Managers, teachers, and researchers use gamification to increase user participation and dive deeper into learning new digital skills, test their strategies in business simulation games, improve consistency on their way to long-term goals like weight loss, or simply encourage them to provide additional personal data like Facebook or LinkedIn do.
To put it straight, gamification is a process of injecting elements of play into non-gaming activities. This allows users to distract from negative aspects of routine or boring tasks and spark their motivation to things they otherwise would happily give up.
What drives user interest when they play games
Gaming is a huge market that grows exponentially and there are countless games out there luring users in with great visual effects and cool mechanics. A lot of them are good, some become legendary, but the majority are doomed to tumble into oblivion. Why? Because they are boring as hell.

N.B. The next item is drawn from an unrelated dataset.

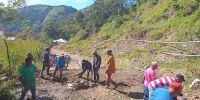 Campesinos de Neiba reclaman intervención urgente del tramo carretero entre el 20 y Rancho Viejo.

Points, badges, and leaderboards, or PBL elements, may add the spirit of competition and drive a better work-life integration to real-world tasks (even the extremely boring ones) but they won’t do any good when implemented randomly.
Yu-Kai Chou, a Taiwanese-American entrepreneur, and researcher of the gamification phenomenon, took an attempt to explain why people play games and, more importantly, why people enjoy them. He figured out that different games use a combination (or at least one) of eight different motivational principles which he called the Core Drivers.
The Octalysis Framework. Source: researchgate.net
Octalysis Core Drivers
Each Core Driver explains why users would voluntarily accept the rules and limitations of a game, become engaged, and spend time in the game.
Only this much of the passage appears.